Dans votre livre paru en septembre aux éditions La Découverte   , vous réfléchissez sur l’expérience de la guerre comme une sorte de tabou dans le cadre familial. Comment avez-vous mené votre enquête ?

Je ne parle pas de tabou mais de silence car, précisément, tous les silences ne sont pas réductibles à des tabous. Je tente de faire l’histoire des silences qui habitent les familles françaises depuis la guerre et qui ont beaucoup évolué avec le temps. Depuis des décennies, les anciens appelés ont pu raconter puis se taire, raconter par bribes, préférer l’écrit à l’oral, éviter les questionnements, les rechercher… et toutes ces variations ne sont pas seulement individuelles : elles s’expliquent par les environnements familiaux dans lesquels ces hommes ont évolué et évoluent (et les familles françaises ont beaucoup changé depuis 60 ans) et par les transformations du regard de la société française sur la guerre d'Algérie, notamment avec le progrès des connaissances scientifiques. Pour documenter l’histoire des familles et la place des récits dans leur fonctionnement depuis la guerre, j’ai réalisé une enquête par questionnaires auprès des anciens appelés, de leurs frères et sœurs, leurs enfants et leurs épouses. J’ai aussi réalisé des entretiens et j’ai eu la chance qu’on me confie des documents privés (correspondances ou journaux intimes) me permettant de revenir à ce qu’ils comprenaient et transmettaient pendant la guerre déjà. J’ai pu partir de ces premiers mots pour faire l’histoire de ces transmissions.

 

Vous montrez notamment comment le rôle de père dans les années 1960-1970 se trouvait à la croisée de l’expérience en Algérie et de la recomposition des rapports père, mère, enfants dans le cadre de la cellule familiale. Ces hommes sont-ils parvenus à inventer un nouveau rôle paternel ?

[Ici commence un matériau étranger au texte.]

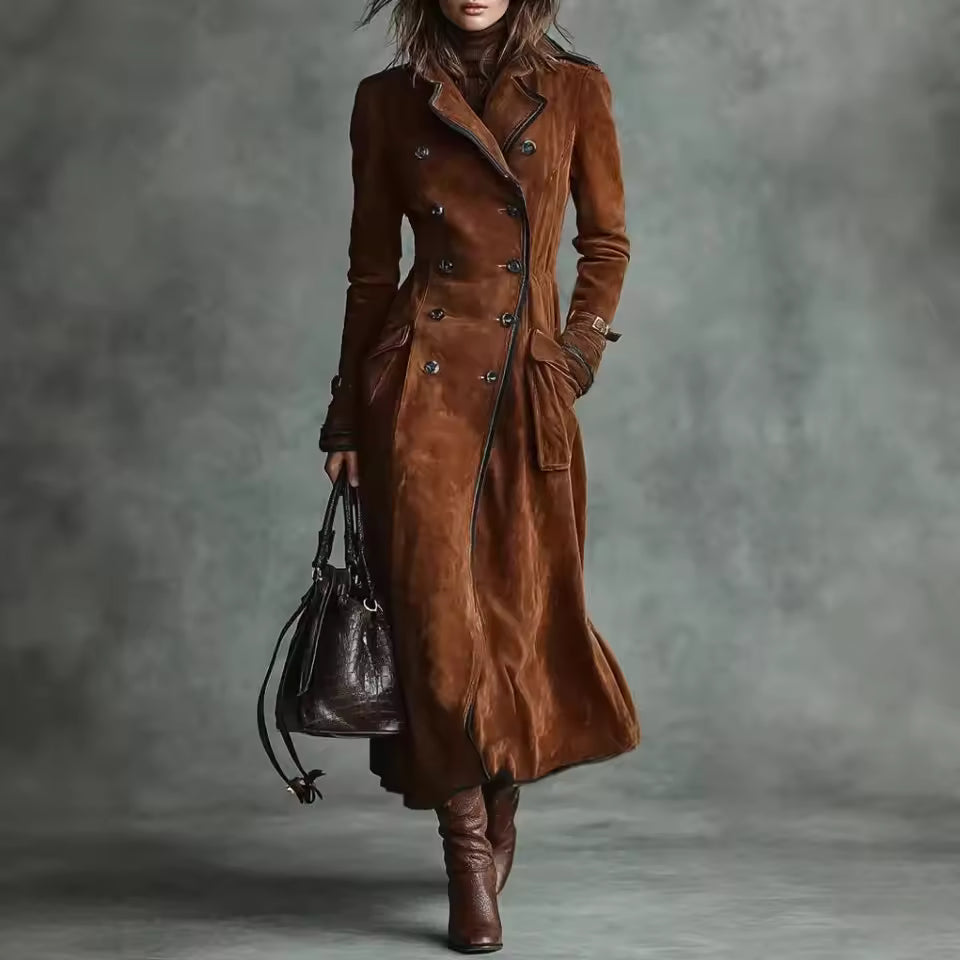 Natalie Brown suede-look trench coat with double-breasted buttons, notched lapels, tie belt, and long silhouette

Contrairement à ce qu’ils imaginaient, ces hommes, nés dans les années 1930, n’ont pas reproduit le modèle de leurs pères. Leurs familles ont été prises dans les mutations très importantes des familles françaises au tournant des années 1960 et 1970. Qu’on pense au statut des femmes mariées ou à l’accès à la contraception par exemple, qu’on pense à la notion d’autorité paternelle aussi (qui disparaît alors pour être remplacée par l’autorité parentale), les familles où naissent leurs enfants sont bien différentes de celles où ils ont grandi. Ces hommes sont les acteurs de ces mutations autant qu’ils doivent s’y adapter. En étudiant les relations familiales par le prisme de l’expérience algérienne et de sa transmission, je repère ces changements. Il y a encore beaucoup d’études à mener sur ces sujets.

 

*L’interviewée : Raphaëlle Branche est professeure d’histoire contemporaine à l’Université de Paris Nanterre et spécialiste des violences en situation coloniale, de la guerre d'Algérie et de ses mémoires. Elle est l’auteure de plusieurs livres, documentaires et expositions sur ces sujets. Son dernier ouvrage « Papa, qu’as-tu fait en Algérie ? ». Enquête sur un silence familial vient de sortir à La Découverte.